**WORK ORDER**
Each line below from the one containing "Thomas Kinkade Holiday" through the one containing "SHOO･LA･RUE「【2WAY】ムラ合皮トートバッグ」|トートバッグ|" is to be given again exactly, and no line outside that span.

**SUPPLIED ENTRIES**
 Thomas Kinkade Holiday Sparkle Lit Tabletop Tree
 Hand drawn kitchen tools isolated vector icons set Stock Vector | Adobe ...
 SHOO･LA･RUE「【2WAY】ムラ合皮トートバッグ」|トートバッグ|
...
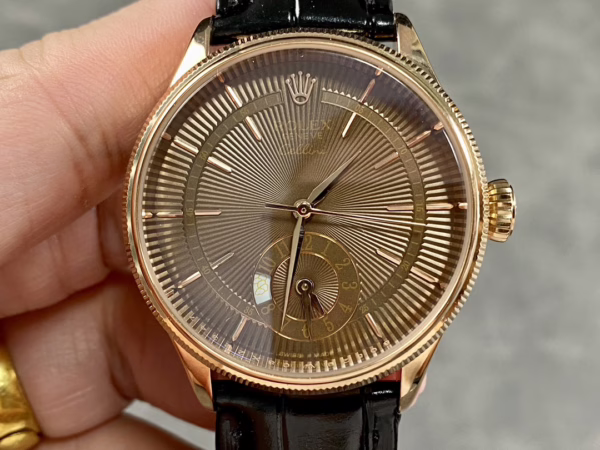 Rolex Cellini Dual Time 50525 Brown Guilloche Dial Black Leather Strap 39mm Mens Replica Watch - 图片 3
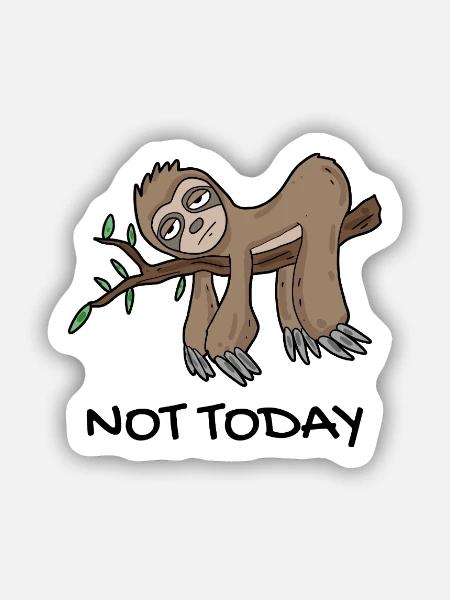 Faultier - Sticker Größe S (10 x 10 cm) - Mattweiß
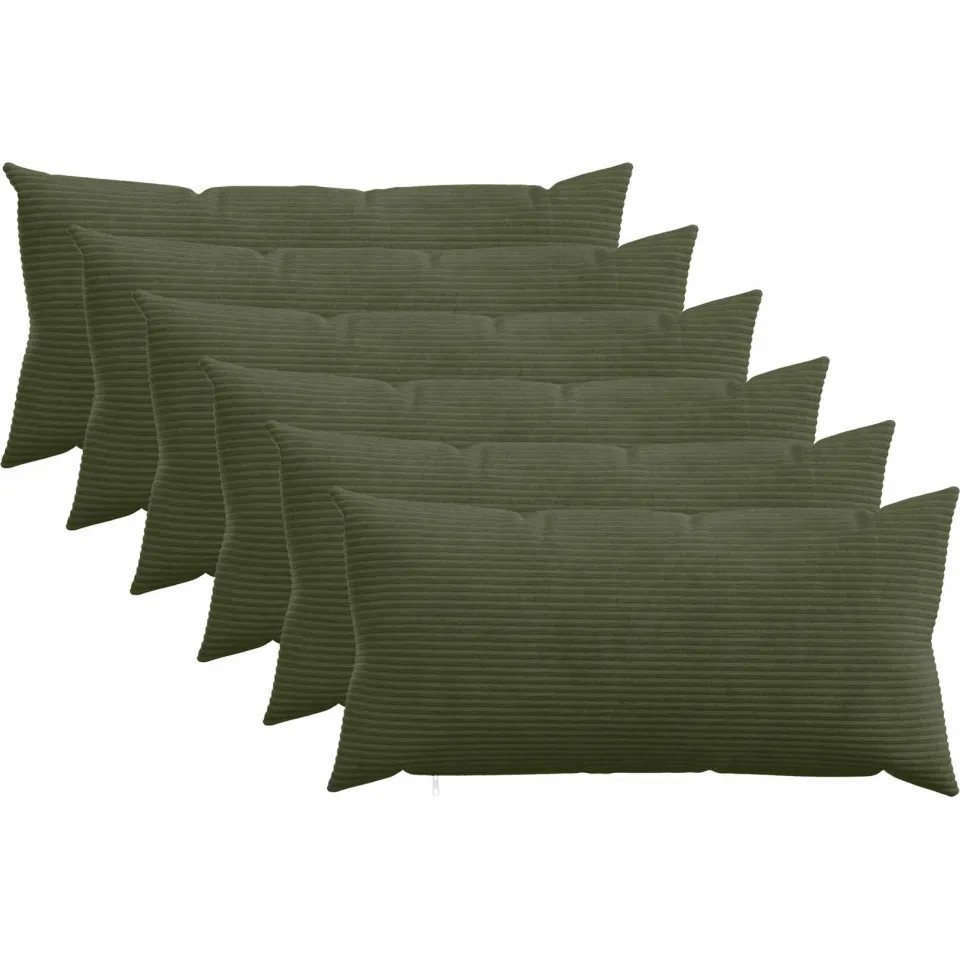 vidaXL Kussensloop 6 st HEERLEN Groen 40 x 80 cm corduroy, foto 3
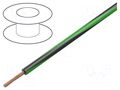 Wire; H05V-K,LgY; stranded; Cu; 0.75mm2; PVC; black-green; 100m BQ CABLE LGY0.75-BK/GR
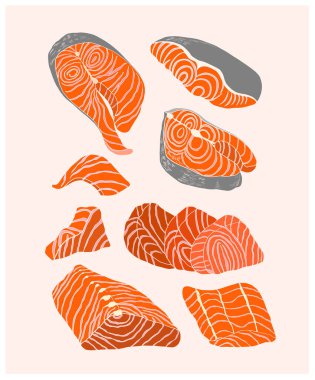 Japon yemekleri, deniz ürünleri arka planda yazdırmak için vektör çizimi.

**RESULT OF THIS EXERCISE**
 Thomas Kinkade Holiday Sparkle Lit Tabletop Tree
 Hand drawn kitchen tools isolated vector icons set Stock Vector | Adobe ...
 SHOO･LA･RUE「【2WAY】ムラ合皮トートバッグ」|トートバッグ|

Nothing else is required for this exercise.